This broad binding specificity may be important for dSfmbt function within the PhoRC complex. Genome-wide-binding profiling showed that dSfmbt occupies 50% of its targets sites together with Pho, suggesting that dSfmbt is bound to those regions as a part of the PhoRC complex (Oktaba et al, 2008). Previous studies showed that dSfmbt binding at HOX genes crucially depends on Pho-protein-binding sites in PREs, and it is thus the DNA-binding activity of Pho that targets PhoRC to the genes it regulates (Klymenko et al, 2006). Similarly, L3MBTL1 is associated with an E2F–RBF complex (Lewis et al, 2004) and it thus seems likely that the association of L3MBTL1 with E2F target genes (Trojer et al, 2007) is mediated by the DNA-binding factor E2F. Histone methyl-lysine binding by these MBT-repeat proteins thus does not seem to be involved in targeting. Instead, the chromatin environment flanking Pho target sites may dictate which particular mono- and dimethylated lysines are recognized by dSfmbt in vivo.
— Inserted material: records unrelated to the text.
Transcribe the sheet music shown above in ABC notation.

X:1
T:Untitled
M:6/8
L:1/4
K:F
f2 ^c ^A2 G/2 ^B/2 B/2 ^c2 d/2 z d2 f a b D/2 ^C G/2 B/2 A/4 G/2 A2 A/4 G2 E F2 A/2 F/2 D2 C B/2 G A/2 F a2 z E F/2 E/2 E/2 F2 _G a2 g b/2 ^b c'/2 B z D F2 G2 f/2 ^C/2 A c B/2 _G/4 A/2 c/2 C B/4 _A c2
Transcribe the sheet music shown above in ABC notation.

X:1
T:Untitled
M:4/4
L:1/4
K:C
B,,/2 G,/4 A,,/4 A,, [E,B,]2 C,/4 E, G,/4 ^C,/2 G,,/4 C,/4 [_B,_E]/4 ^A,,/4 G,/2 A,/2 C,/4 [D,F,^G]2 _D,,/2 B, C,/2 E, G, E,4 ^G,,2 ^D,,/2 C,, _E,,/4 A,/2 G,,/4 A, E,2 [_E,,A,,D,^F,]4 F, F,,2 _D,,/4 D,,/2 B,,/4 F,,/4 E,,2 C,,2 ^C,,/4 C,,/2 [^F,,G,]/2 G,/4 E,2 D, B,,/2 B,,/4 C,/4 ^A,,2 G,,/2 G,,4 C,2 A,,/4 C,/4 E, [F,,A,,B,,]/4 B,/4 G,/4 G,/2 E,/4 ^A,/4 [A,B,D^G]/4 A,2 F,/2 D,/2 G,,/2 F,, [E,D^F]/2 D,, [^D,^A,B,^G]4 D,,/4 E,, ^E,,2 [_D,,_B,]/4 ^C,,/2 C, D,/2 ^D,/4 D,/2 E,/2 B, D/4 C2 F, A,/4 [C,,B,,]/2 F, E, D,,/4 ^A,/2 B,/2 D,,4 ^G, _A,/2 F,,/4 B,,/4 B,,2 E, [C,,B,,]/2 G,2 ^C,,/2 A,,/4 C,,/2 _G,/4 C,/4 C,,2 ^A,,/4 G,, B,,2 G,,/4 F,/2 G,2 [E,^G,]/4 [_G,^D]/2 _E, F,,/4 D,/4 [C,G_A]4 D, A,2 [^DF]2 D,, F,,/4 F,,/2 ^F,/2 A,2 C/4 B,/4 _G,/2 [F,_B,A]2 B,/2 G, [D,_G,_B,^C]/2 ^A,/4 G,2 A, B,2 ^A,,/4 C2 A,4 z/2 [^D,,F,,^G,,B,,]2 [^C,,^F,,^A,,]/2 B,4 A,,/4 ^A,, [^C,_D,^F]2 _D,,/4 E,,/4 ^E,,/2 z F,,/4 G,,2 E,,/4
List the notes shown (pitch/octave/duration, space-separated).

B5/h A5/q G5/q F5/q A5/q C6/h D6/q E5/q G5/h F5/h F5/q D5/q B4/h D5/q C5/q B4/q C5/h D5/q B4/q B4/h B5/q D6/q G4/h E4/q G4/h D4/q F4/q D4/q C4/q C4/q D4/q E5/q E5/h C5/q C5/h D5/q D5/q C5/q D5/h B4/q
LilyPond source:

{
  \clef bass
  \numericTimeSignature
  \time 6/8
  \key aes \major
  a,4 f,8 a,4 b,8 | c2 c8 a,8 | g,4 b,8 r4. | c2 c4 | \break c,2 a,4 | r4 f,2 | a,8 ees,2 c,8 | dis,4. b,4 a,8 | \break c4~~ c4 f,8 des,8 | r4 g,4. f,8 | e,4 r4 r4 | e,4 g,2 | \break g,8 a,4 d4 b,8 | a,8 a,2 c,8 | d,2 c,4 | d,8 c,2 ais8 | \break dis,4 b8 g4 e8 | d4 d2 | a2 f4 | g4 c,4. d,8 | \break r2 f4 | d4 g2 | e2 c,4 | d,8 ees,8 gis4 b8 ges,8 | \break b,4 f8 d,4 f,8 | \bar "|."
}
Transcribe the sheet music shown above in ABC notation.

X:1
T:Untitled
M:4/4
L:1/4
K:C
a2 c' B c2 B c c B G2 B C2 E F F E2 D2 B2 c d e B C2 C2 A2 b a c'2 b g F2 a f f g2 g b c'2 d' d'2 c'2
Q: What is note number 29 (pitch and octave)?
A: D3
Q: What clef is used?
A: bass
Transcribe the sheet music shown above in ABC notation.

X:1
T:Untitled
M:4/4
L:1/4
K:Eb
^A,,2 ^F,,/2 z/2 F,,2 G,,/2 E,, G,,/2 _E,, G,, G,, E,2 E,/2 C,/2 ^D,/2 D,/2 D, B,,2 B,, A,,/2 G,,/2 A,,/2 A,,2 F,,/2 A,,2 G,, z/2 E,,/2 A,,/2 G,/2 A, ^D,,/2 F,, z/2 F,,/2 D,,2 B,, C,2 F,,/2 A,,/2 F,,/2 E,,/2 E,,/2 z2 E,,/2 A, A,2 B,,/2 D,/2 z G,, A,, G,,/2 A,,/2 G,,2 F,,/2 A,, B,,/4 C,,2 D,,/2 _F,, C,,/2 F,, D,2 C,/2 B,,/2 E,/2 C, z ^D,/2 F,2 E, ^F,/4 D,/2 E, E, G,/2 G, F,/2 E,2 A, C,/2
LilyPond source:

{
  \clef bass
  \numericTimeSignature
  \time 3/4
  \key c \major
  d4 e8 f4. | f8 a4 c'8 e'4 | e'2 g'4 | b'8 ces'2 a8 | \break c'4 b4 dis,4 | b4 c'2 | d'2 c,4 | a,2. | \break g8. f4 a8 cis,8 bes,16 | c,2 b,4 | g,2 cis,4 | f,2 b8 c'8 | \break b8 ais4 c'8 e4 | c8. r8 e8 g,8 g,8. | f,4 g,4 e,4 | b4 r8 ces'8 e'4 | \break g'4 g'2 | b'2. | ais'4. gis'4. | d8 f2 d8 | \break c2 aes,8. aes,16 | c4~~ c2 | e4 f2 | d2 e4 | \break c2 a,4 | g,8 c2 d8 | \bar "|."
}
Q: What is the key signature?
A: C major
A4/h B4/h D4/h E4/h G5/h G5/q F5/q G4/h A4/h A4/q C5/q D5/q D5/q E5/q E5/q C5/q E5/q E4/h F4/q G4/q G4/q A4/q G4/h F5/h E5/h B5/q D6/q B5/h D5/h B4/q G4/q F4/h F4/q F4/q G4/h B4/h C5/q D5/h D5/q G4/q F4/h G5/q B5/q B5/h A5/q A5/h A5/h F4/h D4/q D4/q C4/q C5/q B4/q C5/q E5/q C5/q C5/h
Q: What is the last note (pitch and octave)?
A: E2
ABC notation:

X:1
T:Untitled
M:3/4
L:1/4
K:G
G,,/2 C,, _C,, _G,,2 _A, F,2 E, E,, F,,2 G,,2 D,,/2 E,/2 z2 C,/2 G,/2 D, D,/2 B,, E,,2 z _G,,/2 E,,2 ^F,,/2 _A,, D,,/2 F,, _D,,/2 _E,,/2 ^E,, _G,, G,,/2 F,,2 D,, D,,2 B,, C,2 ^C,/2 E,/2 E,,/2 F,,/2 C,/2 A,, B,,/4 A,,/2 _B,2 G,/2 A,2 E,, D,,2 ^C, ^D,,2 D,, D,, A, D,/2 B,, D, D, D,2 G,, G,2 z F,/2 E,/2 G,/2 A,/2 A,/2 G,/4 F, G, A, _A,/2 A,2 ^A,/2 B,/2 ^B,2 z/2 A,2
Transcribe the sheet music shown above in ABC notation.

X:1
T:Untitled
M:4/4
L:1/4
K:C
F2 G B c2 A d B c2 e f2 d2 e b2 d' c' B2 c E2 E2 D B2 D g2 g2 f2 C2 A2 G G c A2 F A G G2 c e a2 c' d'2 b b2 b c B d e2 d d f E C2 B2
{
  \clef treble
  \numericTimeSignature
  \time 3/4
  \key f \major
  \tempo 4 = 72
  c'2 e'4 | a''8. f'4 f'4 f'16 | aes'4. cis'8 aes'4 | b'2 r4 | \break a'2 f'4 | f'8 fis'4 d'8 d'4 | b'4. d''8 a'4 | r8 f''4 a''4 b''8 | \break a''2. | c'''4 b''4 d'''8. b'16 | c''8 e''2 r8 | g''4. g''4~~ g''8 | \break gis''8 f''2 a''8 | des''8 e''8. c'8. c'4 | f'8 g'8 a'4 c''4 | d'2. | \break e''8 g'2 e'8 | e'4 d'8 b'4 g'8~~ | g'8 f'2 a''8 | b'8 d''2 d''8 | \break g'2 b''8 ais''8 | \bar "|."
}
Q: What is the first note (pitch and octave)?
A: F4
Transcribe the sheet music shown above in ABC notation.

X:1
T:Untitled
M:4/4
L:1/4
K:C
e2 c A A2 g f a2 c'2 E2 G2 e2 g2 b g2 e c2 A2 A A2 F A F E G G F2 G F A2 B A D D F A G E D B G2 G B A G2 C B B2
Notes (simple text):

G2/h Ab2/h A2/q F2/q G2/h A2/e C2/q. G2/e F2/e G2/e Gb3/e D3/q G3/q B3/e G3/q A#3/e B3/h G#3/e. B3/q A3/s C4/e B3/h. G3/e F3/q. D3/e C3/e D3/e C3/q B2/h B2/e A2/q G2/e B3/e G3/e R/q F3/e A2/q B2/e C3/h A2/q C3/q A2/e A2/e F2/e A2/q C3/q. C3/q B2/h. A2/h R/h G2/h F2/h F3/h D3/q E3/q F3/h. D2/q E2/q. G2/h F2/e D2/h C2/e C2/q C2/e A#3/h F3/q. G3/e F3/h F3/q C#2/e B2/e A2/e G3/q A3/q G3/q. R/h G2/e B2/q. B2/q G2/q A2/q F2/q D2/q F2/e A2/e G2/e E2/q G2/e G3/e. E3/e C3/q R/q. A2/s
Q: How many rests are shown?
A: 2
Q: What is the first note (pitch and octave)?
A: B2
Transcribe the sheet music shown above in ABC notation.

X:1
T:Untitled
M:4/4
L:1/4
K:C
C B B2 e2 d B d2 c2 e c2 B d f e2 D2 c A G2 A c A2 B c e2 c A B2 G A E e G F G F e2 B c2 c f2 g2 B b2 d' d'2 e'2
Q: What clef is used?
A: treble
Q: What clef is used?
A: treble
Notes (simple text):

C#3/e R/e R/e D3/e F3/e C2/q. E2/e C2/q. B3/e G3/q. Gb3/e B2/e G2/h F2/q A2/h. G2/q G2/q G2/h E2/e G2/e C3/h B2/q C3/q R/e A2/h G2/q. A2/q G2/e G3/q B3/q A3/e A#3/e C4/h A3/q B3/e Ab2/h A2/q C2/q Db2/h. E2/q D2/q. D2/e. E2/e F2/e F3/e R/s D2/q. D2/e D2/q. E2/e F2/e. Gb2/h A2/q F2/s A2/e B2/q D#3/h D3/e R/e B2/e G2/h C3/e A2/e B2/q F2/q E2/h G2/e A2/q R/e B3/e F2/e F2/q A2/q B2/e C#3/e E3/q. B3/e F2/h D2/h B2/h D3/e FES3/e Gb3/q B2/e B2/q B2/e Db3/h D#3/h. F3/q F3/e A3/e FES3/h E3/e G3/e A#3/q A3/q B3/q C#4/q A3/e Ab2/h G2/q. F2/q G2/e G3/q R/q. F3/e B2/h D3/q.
What is the role of methyl-lysine binding of MBT-repeat proteins? It has been proposed that DNA-tethered MBT proteins use this binding activity for interactions with modified nucleosomes in the flanking chromatin to maintain a repressed-chromatin state (Klymenko et al, 2006; Trojer et al, 2007). The repeat structure of MBT-domain proteins also led to the suggestion that a single MBT-repeat domain could simultaneously recognize several methylation marks (Li et al, 2007; Trojer et al, 2007), which would provide a molecular mechanism for the observed chromatin compaction by L3MBTL1 in vitro (Trojer et al, 2007). However, the structure of the dSfmbt MBT-repeat domain bound to the H4K20me1 peptide and also the structures of L3MBTL1 and Scm bound to methyl-lysine-containing peptides (Grimm et al, 2007; Li et al, 2007; Min et al, 2007; Santiveri et al, 2008) argue against such a model. Only a single methyl-lysine-binding pocket is present in all MBT-repeat proteins, whereas the corresponding ‘pockets' in the other repeats are shallower and less well conserved. Moreover, there is no biophysical evidence for simultaneous interaction with multiple methylated histone-tail peptides.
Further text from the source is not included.